Are you running on GKE/Google Cloud or your own private data center?
Private datacenter on bare metal.
Would a VM based deployment be an option so that we can brainstorm a solution w/o Kubernetes as an additional layer of complexity?
VM deployments are not an option.
YugabyteDB expects almost all nodes (pods in the case of k8s) to be able to communicate with one another using IP addresses (over TCP). This is true for both master and tserver pods. Typically, we have observed many deployments are not able to stand up as many load balancers (one LB exposing each pod in the cluster to each other). Is this something that you would be able to achieve in your environment?
The amount of load balancer ips is not a limitation. For a minimal install, I figured at least three ips were needed for the masters, and then potentially another three for the tservers.
Also, are you thinking about using the node port for this?
Node ports are not an option.
The amount of load balancer ips is not a limitation. For a minimal install, I figured at least three ips were needed for the masters, and then potentially another three for the tservers.
Got it, this makes sense and would work even currently. Could you please try using server_broadcast_addresses
with both yb-master
and yb-tserver
?
The
server_broadcast_addresses
parameter is used to specify the public IP or DNS hostname of the server.
In the case of running inside k8s, this is the load balancer address. An example is shown in this blog post on using DNS names for communication between nodes/pods. The reference in docs is here.

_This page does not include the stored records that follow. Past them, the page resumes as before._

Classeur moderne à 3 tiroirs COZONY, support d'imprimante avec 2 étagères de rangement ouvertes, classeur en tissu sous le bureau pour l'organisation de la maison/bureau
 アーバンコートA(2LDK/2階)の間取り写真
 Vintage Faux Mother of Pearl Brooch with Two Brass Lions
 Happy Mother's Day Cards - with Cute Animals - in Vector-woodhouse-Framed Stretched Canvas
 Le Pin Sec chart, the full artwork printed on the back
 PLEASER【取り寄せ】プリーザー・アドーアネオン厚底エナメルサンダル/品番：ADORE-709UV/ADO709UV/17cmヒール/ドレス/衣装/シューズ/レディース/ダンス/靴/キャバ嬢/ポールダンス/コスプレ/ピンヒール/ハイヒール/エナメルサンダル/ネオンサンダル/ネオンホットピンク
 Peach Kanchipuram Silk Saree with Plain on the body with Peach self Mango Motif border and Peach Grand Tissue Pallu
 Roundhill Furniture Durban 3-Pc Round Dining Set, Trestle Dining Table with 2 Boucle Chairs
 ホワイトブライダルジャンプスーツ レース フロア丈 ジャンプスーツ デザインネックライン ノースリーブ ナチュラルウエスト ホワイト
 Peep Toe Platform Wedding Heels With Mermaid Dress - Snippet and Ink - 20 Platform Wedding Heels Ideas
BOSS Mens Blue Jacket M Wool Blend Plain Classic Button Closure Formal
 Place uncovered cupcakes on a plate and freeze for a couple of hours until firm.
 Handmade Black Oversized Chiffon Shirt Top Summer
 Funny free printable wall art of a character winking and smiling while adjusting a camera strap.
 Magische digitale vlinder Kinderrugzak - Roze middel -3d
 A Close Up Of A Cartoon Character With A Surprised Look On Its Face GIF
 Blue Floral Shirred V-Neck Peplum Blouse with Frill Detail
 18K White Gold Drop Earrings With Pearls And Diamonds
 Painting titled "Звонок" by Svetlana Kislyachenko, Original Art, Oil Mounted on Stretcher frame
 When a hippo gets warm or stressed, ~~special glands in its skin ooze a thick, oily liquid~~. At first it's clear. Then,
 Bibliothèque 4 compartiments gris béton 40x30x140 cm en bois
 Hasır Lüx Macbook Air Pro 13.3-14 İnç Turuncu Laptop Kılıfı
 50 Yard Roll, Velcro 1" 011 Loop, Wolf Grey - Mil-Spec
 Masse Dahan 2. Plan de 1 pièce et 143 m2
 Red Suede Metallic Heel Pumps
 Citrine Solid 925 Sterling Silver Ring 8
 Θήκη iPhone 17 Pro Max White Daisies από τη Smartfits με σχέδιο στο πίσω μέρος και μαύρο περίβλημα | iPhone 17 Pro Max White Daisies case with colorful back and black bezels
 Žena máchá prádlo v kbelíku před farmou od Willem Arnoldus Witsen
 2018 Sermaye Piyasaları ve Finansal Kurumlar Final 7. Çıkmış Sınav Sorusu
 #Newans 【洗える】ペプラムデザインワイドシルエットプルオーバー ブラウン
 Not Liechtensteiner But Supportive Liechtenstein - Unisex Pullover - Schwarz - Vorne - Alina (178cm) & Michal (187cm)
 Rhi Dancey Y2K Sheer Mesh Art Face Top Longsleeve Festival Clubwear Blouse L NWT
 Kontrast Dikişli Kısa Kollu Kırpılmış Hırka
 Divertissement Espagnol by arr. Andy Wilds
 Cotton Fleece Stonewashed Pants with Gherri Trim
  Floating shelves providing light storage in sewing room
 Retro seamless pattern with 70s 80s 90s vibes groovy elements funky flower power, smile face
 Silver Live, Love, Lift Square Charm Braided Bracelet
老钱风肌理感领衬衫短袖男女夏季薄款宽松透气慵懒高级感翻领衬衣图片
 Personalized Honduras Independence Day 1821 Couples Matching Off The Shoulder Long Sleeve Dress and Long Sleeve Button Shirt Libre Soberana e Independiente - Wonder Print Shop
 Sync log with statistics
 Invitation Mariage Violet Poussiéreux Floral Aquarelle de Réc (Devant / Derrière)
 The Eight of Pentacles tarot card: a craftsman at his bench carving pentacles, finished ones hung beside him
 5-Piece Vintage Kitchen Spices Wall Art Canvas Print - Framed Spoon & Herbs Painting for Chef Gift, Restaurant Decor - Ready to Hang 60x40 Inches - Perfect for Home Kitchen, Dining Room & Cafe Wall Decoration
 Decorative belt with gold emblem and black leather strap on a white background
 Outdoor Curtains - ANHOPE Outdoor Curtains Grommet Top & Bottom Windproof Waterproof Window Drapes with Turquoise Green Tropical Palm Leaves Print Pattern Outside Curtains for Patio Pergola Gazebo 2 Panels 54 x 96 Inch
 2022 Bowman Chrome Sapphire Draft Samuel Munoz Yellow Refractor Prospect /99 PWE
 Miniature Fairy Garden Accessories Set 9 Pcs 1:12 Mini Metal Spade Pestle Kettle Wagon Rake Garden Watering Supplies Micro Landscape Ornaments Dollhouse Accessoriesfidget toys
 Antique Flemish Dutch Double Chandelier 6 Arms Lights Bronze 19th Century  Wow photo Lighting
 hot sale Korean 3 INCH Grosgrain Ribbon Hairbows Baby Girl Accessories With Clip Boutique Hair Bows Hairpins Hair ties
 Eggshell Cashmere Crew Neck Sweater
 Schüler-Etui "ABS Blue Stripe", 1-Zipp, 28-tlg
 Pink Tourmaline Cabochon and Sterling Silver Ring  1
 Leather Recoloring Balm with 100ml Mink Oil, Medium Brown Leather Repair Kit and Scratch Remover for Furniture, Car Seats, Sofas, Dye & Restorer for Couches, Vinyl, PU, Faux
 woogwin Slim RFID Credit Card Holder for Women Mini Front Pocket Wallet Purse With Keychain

Note that this requires you to know the LB IP address (or dns if it exists) ahead of time to enable stable identities for the various masters. Does this work?
Could you please try using
server_broadcast_addresses
with bothyb-master
andyb-tserver
?
That is what I tried doing as seen in the manifests above. The addresses resolved to the corresponding LB ips. It does not work due to the aforementioned check to ensure the bind address matches the broadcast address (which will not happen with LoadBalancer Services).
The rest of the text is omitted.